Page MenuHomePhabricator

rack/setup/install cloudelastic100[1-4].eqiad.wmnet systems
Closed, ResolvedPublic

Description

This task will track the racking/setup/installation of 4 new systems ordered for the cloud services elastic search replica cluster.

Hostname considerations: @RobH picked cloudelastic, for the cloud teams replication of the elastic systems. If another name is preferred, just document it on Infrastructure_naming_conventions and remove the cloudelastic entry.

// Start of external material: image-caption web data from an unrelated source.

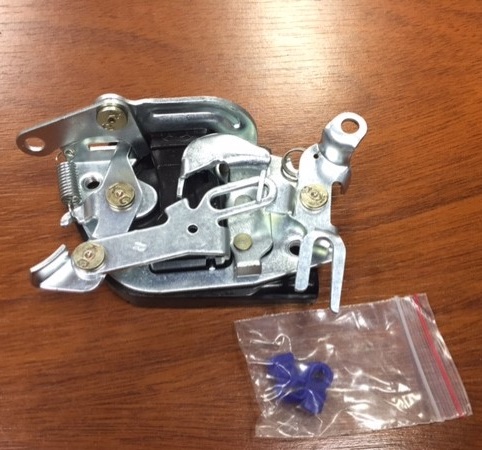 CERRADURA PUERTA DER DAIHATSU DELTA 90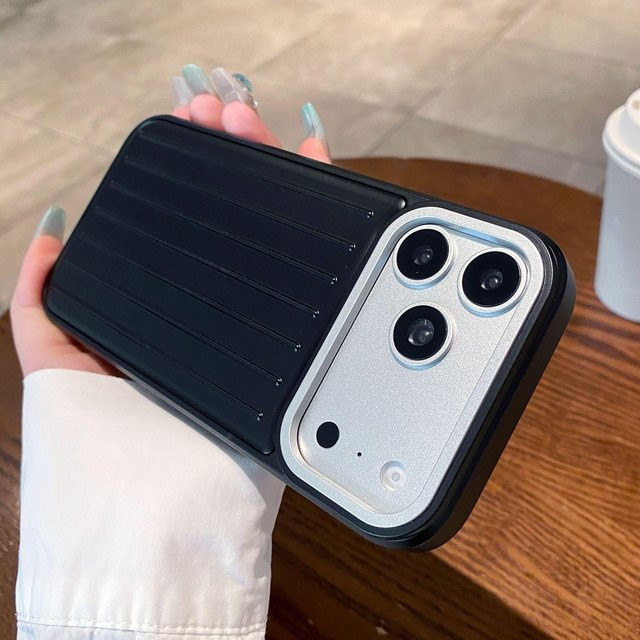 Sturzsichere iPhone 17 Pro Max Hülle in Schwarz mit elegantem Design und hochwertiger Haptik - Bild 1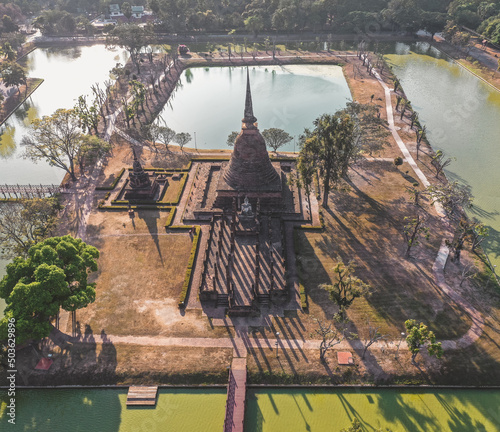 Fotografie, Obraz Aerial view of Wat Sra Sri or Wat Sa Si in Sukhothai historical park in Thailand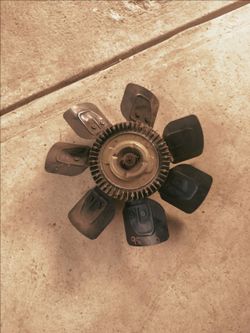 Fan clutch for Chevy S10 4 cylinder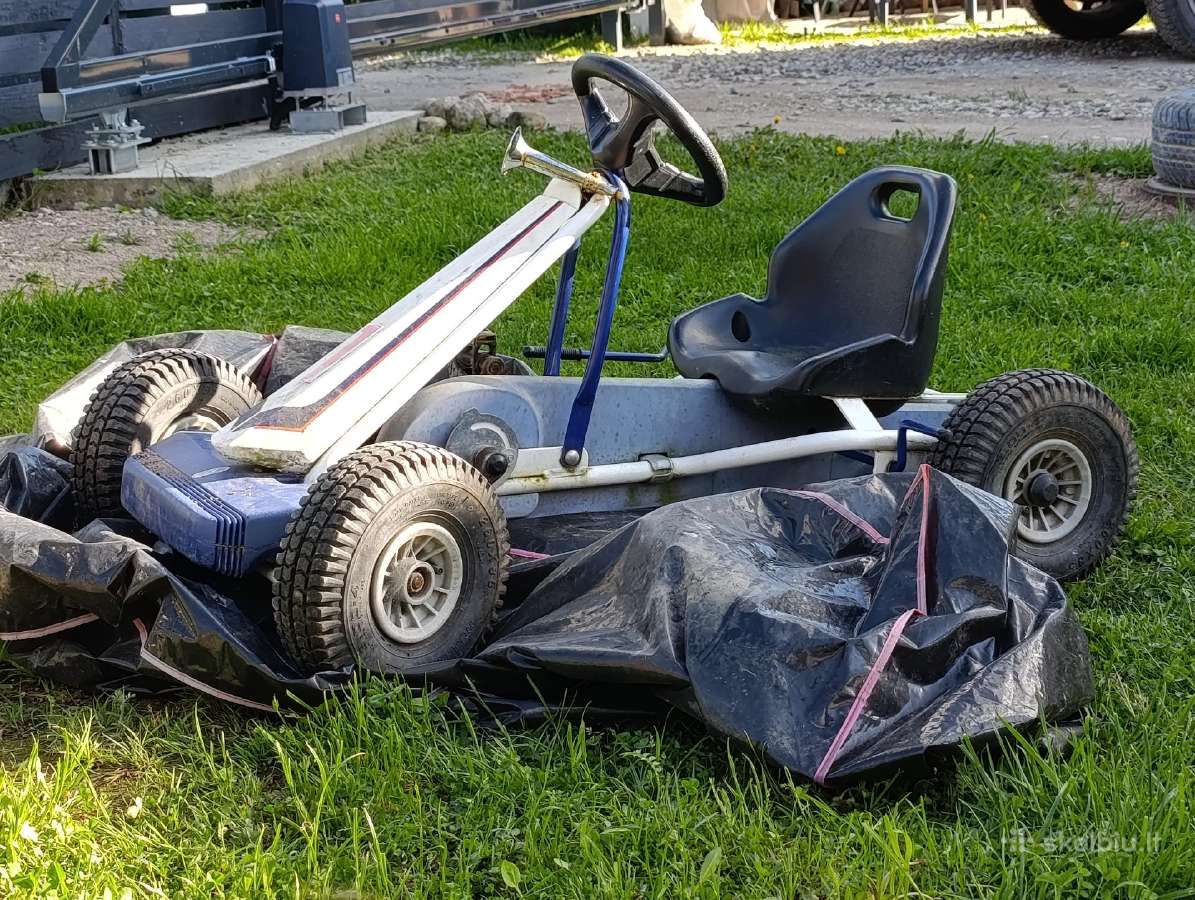 Kartingas / formulė su pedalais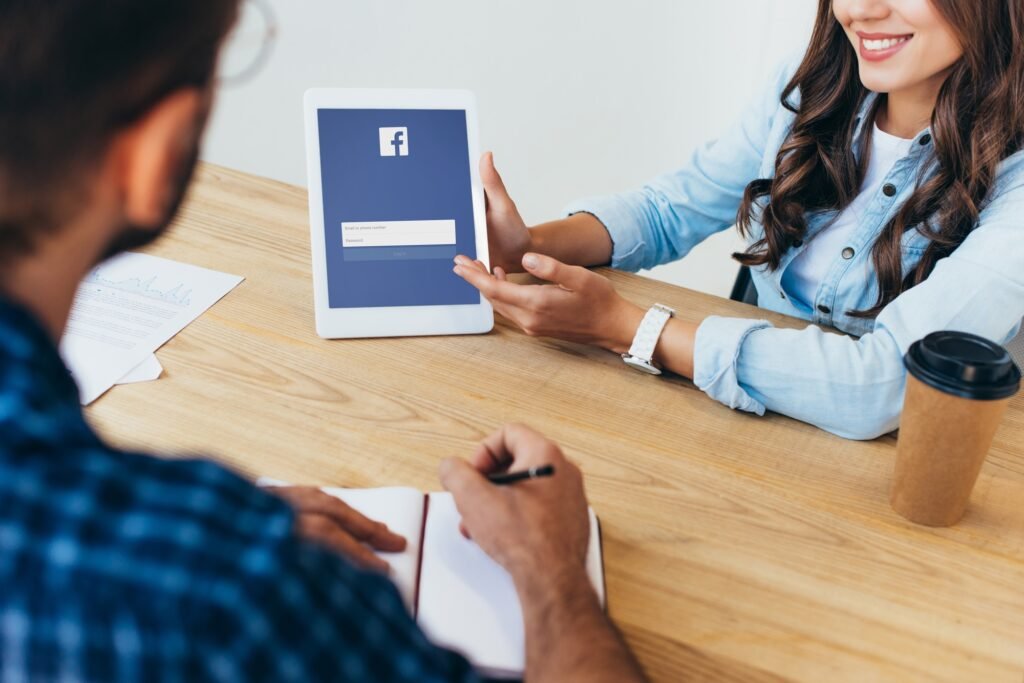 How to Use Facebook Ads to Grow Your Small Business – halaneguide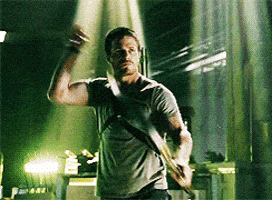 stephen amell arrow GIF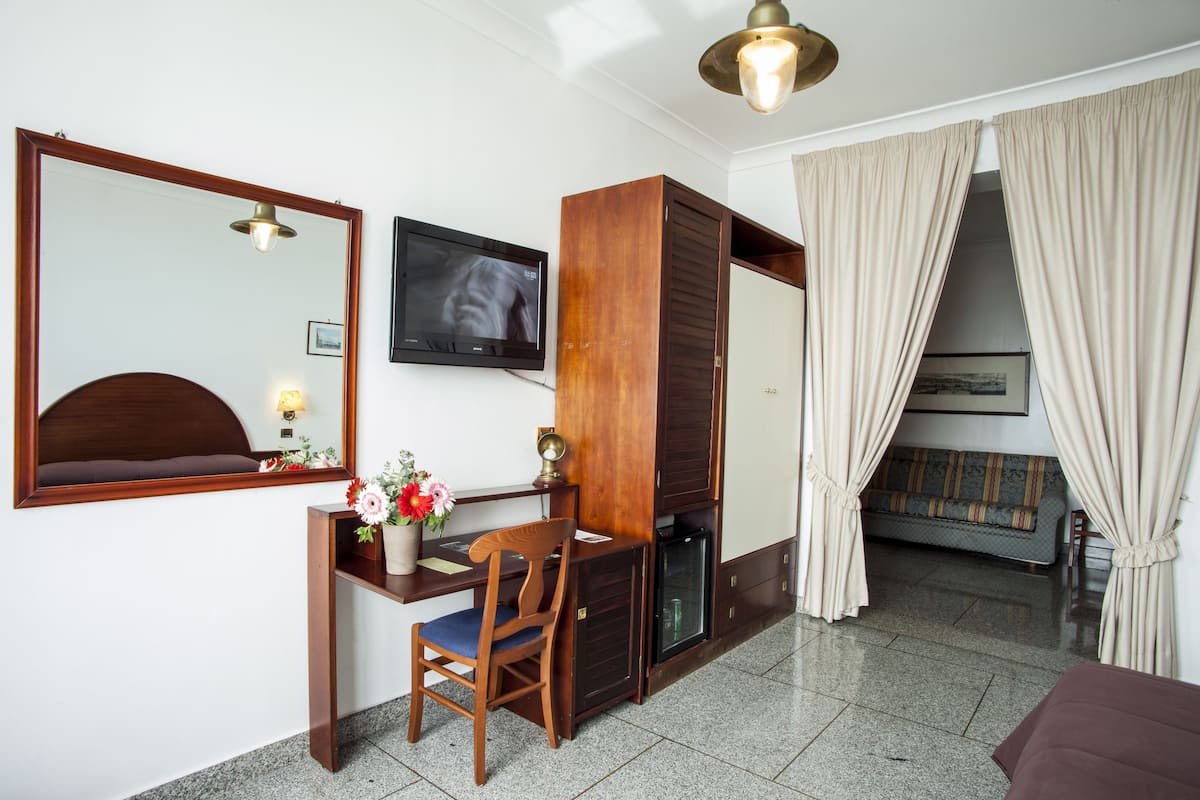 standard double or twin room, 1 bedroom | egyptian cotton sheets, pillow-top beds, minibar, individually furnished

Racking Proposal: spread evenly across all rows.

cloudelastic1001:

  • - receive in system on procurement task T187627
  • - rack system with proposed racking plan (see above) & update racktables (include all system info plus location)
  • - bios/drac/serial setup/testing
  • - mgmt dns entries added for both asset tag and hostname
  • - network port setup (description, enable, vlan)
    • end on-site specific steps
  • - production dns entries added
  • - operations/puppet update (install_server at minimum, other files if possible)
  • - OS installation - stretch
  • - puppet accept/initial run
  • - handoff for service implementation

cloudelastic1002:

  • - receive in system on procurement task T187627
  • - rack system with proposed racking plan (see above) & update racktables (include all system info plus location)
  • - bios/drac/serial setup/testing
  • - mgmt dns entries added for both asset tag and hostname
  • - network port setup (description, enable, vlan)
    • end on-site specific steps
  • - production dns entries added
  • - operations/puppet update (install_server at minimum, other files if possible)
  • - OS installation - stretch
  • - puppet accept/initial run
  • - handoff for service implementation

cloudelastic1003:

  • - receive in system on procurement task T187627
  • - rack system with proposed racking plan (see above) & update racktables (include all system info plus location)
  • - bios/drac/serial setup/testing
  • - mgmt dns entries added for both asset tag and hostname
  • - network port setup (description, enable, vlan)
    • end on-site specific steps
  • - production dns entries added
  • - operations/puppet update (install_server at minimum, other files if possible)
  • - OS installation - stretch
  • - puppet accept/initial run
  • - handoff for service implementation

cloudelastic1004:

  • - receive in system on procurement task T187627
  • - rack system with proposed racking plan (see above) & update racktables (include all system info plus location)
  • - bios/drac/serial setup/testing
  • - mgmt dns entries added for both asset tag and hostname
  • - network port setup (description, enable, vlan)
    • end on-site specific steps
  • - production dns entries added
  • - operations/puppet update (install_server at minimum, other files if possible)
  • - OS installation - stretch
  • - puppet accept/initial run
  • - handoff for service implementation

Event Timeline

RobH created this task.May 8 2018, 5:14 PM
RobH triaged this task as Normal priority.
Restricted Application added a subscriber: Aklapper. · View Herald TranscriptMay 8 2018, 5:14 PM
RobH added a comment.May 8 2018, 5:20 PM

@bd808 or @chasemp: Before @Cmjohnson racks these, I'd like to confirm the networking requirements.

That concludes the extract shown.